The secret drivers of tree growth

Most of the world’s tree species have a close relationship with the fungi, known as ectomycorrhizae, that grow on their roots. These form a dense network around the fine roots, supplying the trees with nutrients and protecting them from pathogens. In return, the fungi receive energy in the form of carbohydrates, which the trees produce via photosynthesis. Scientists have known about this mutualistic relationship for a long time.

What has been missing, however, is a full understanding of the extent to which ectomycorrhizal fungi influence the growth of mature trees and whole forests. It has long been assumed that physical factors such as temperature, rainfall and anthropogenic nitrogen input into the soil were the principal factors influencing tree growth, while the effect of the fungal communities hidden underground has been hard to measure and over-looked.

Three times faster growth

But now, postdoc Mark Anthony and fellow members of the group led by Tom Crowther, Professor of Global Ecosystem Ecology at ETH Zurich, have changed all that. Studying five species of the most common European forest trees, they show that differences in fungal communities are linked to even greater variation in tree growth than local climate conditions and anthropogenic nitrogen inputs. The study was recently published in the journal ISME.
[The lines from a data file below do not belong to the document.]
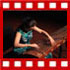 guzheng solo concert
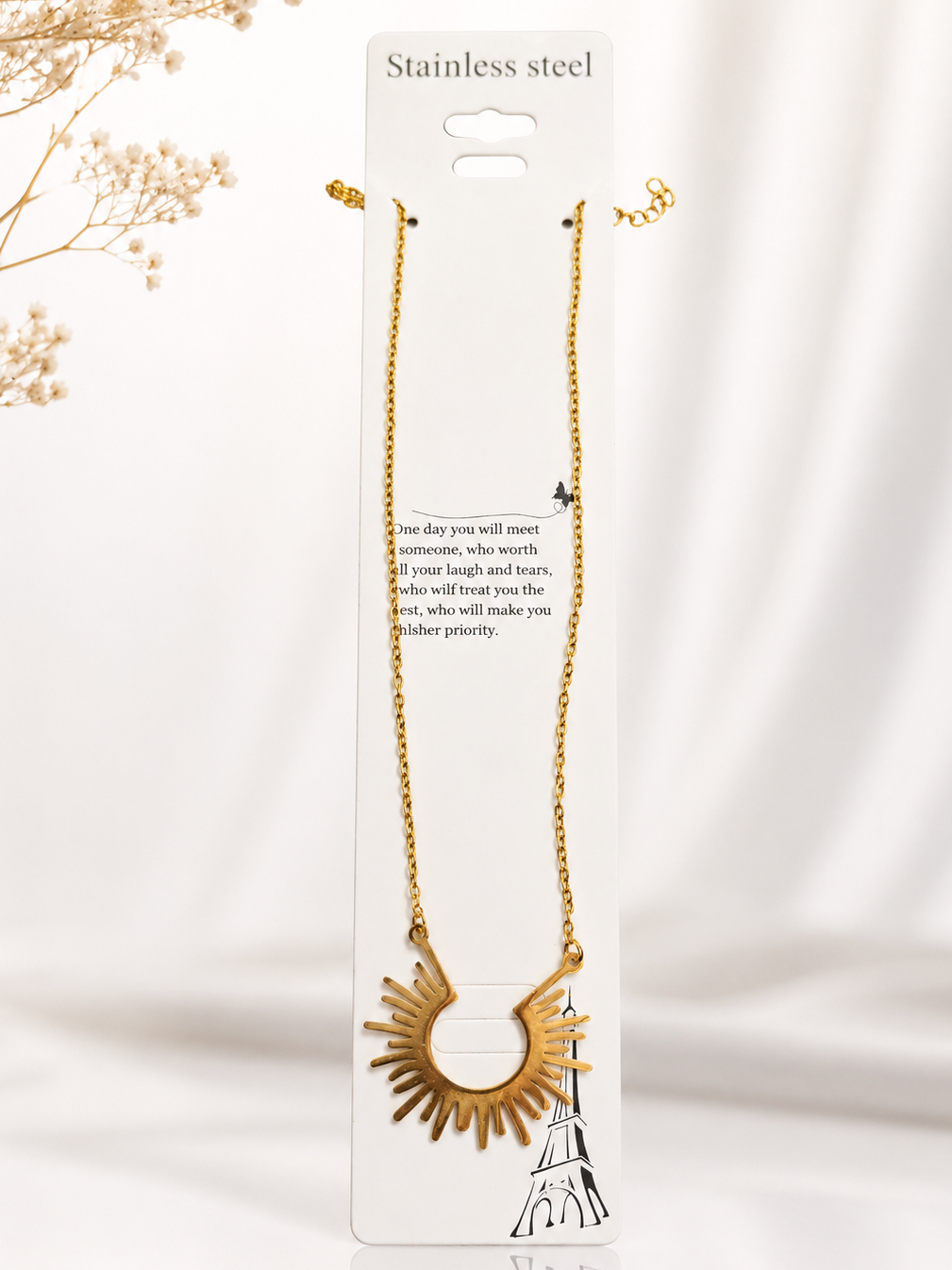 Necklace-NA1104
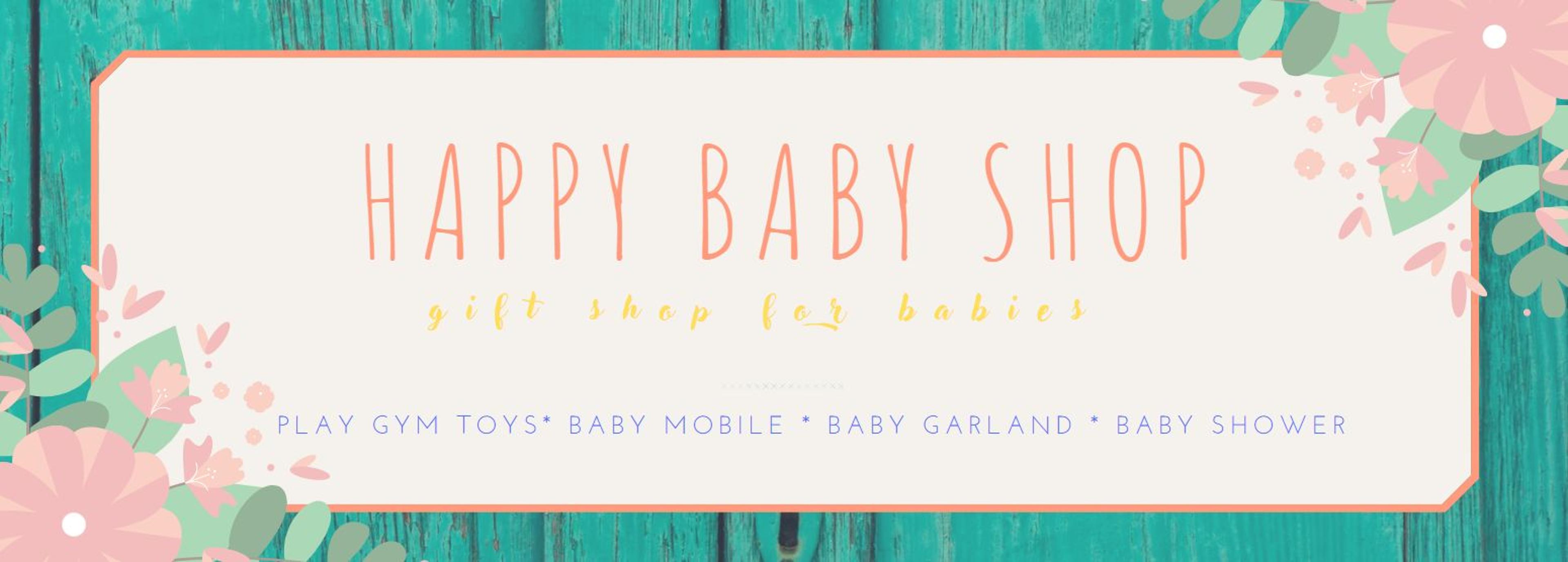 Shop cover image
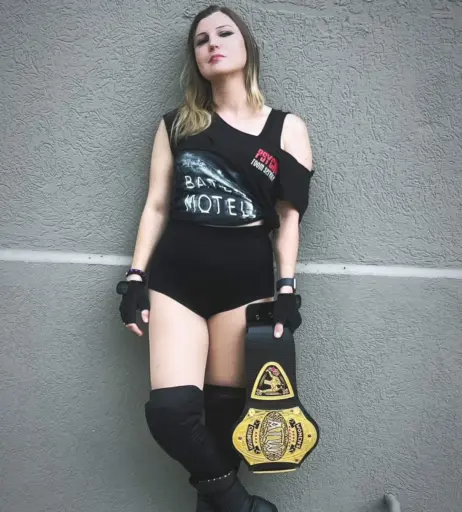 Image 4453564 from Leva Bates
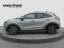 Ford Puma EcoBoost Titanium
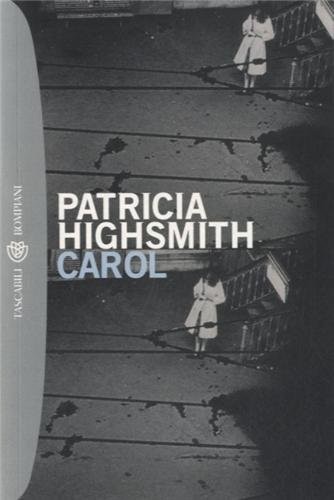 Carol [9788845247897]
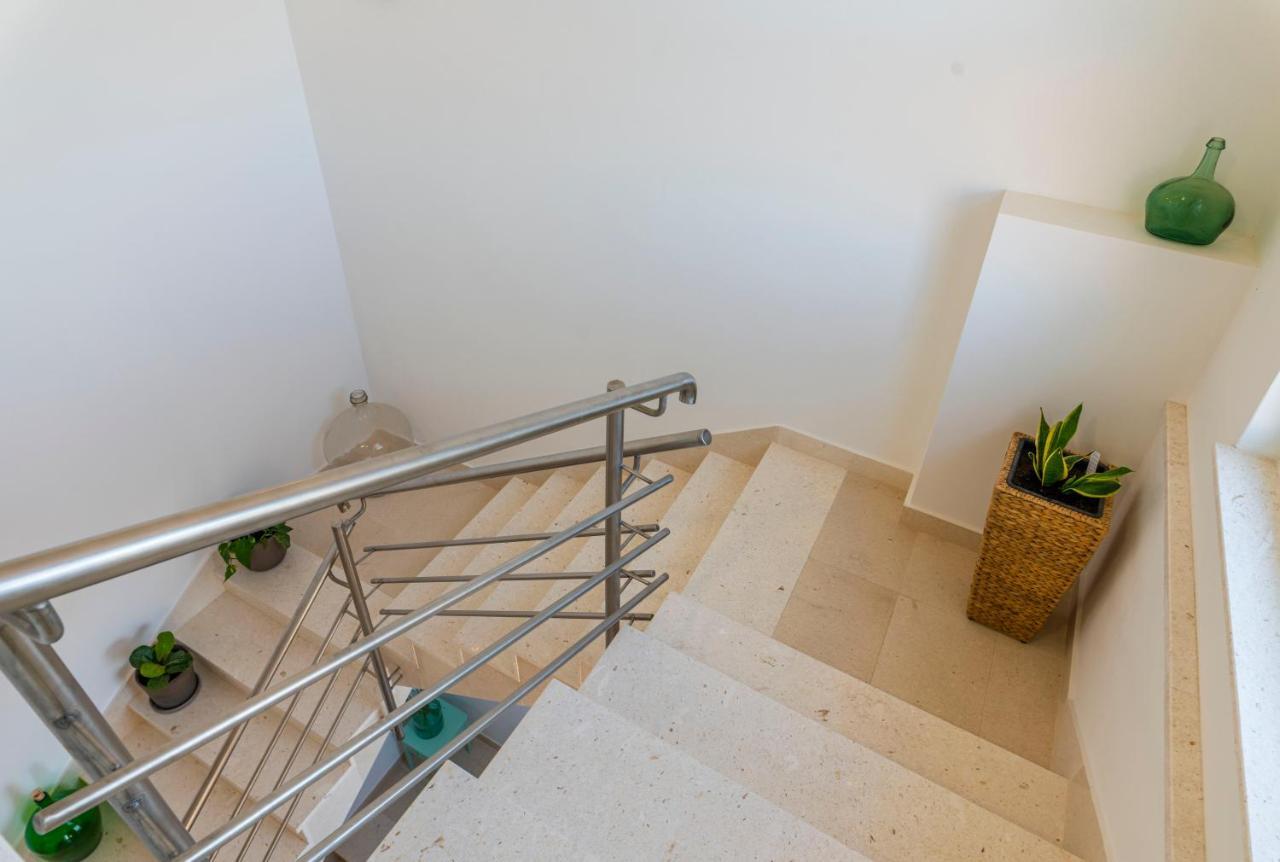 Charming Tale Apartments Modun19 Пироваць Екстер'єр фото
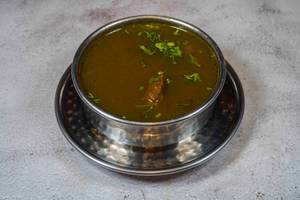 Paya Soup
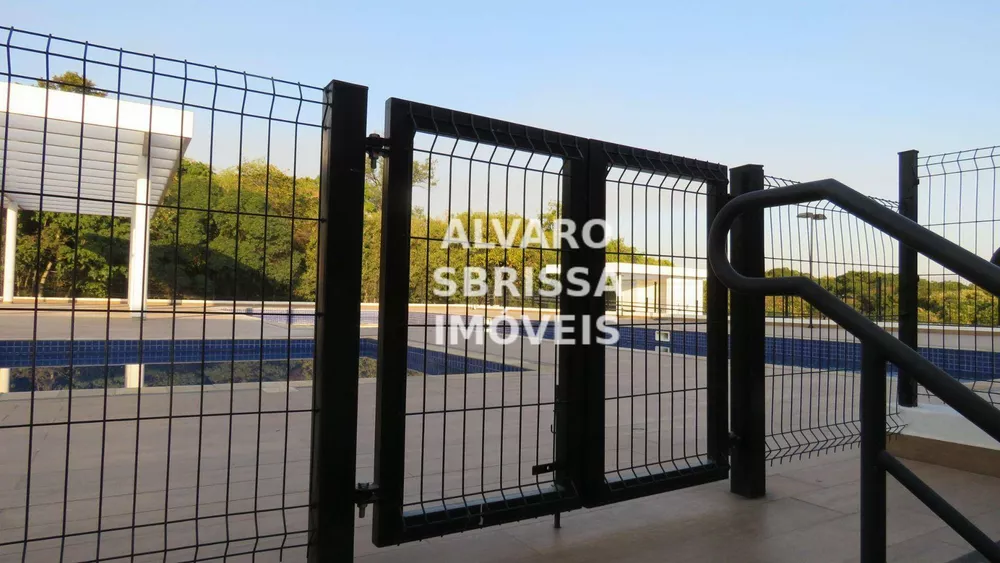 Loteamento e Condomínio, 360 m² - Foto 4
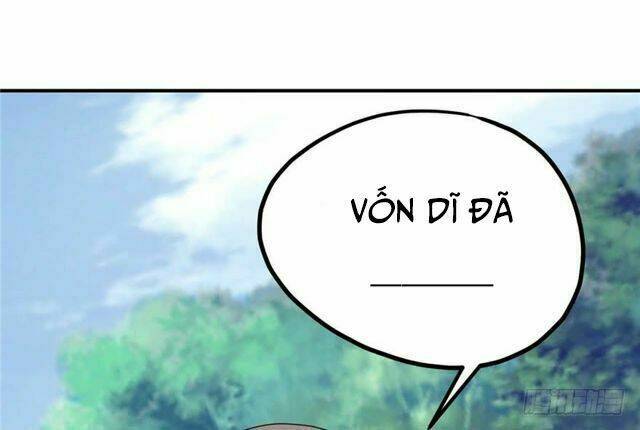 thời khắc và em điều đẹp chapter 13 63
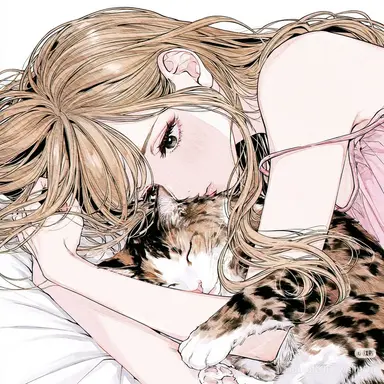 Profile image of 지니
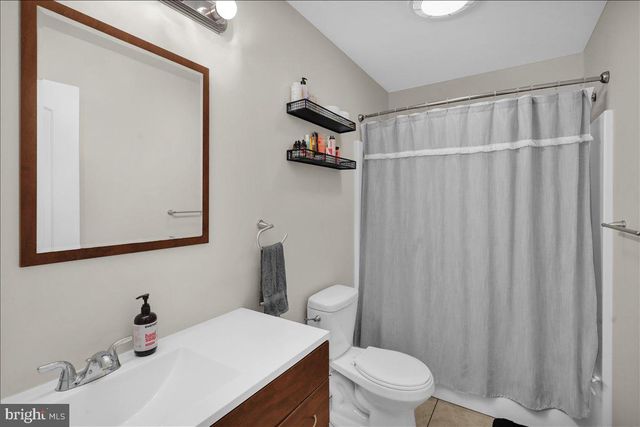 368 GRANITE ST, Lebanon, PA 17042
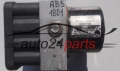 ABS POMPA PEUGEOT 206 9650222880, 10.0206-0118.4, 10020601184, 10.0960-1135.3, 10096011353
“Differences in ectomycorrhizal fungal communities correspond to a tree-fold increase in tree growth rates. These fungi also provide a clearer ecological explanation for differences in tree growth compared to other factors such as temperature and rainfall,” says Mark Anthony, lead author of the study.

Fungal fertilisers

The fastest growing trees were found where ectomycorrhizal fungal communities are highly adapted to extract the inorganic nitrogen compounds ammonium and nitrate from soil and make these available to the trees. Inorganic nitrogen is found in most fertilisers, is the most energetically beneficial form of nitrogen, and is an excellent growth promoter of plants.

There was slower growth in forest trees where local ectomycorrhizal fungal communities are adapted to supply trees with nitrogen from organic sources. This type of nitrogen is found in dead, decaying biomass in the ground. To release it, the fungi must first generate special enzymes to depolymerize and break down the biomass. Doing this costs the fungi more energy than directly tapping inorganic nitrogen from the soil and in turn it also costs trees more. Since fungi that tap organic nitrogen draw their required energy from tree partners, the trees themselves are left with less energy to devote to their own growth.

Identifying fungi and their functions

To gain these new insights, the researchers identified the ectomycorrhizal fungi present in soil samples across 137 European forest monitoring plots. They then paired each type of fungus present with its fully sequenced genome to determine the function each one has within the overall forest ecosystem. Finally, they correlated the various functions of the fungi with decades of tree growth data to reveal the relationship between ectomycorrhizal fungi and tree growth. The species of tree investigated included the deciduous trees oak and beech as well as the conifers pine and spruce.

Inoculating tree seedlings with ideal fungi

The team’s findings will have an impact on future research and on forestry itself. Researchers can now identify the types of fungi and their properties that will allow trees to grow faster, or indeed slower. In this way, this study can help the forestry sector to inoculate certain woodlands using specific fungal communities in order to effect targeted changes in tree growth.

“Inoculating tree seedlings with fungi is already an established practice. Our work provides a solid scientific basis for this practice and can help improve it,” Anthony says.

He also envisages applications related to climate change and rapidly changing ecological conditions. First, faster tree growth could present a quick way of absorbing more carbon from the atmosphere. Second, some trees no longer grow well in certain areas due to global change; new fungal partners could be sought for these trees to help them survive.

Survival advantage in the future climate

“In the future, fungal communities that utilise organic nitrogen could be advantageous for many species of tree,” Anthony says. This is because rising temperatures and CO₂ concentrations promote plant growth. To grow faster, trees draw on easily obtainable inorganic nitrogen. In doing so, they deplete stores of this kind of nitrogen more quickly, which in turn could slow long-term growth. This is in contrast to the fungal communities that utilise organic nitrogen, which is more abundant in the soil albeit harder to access. The right fungi could ensure that their tree partner grow steadily into the future by capturing this organic nitrogen over the long term.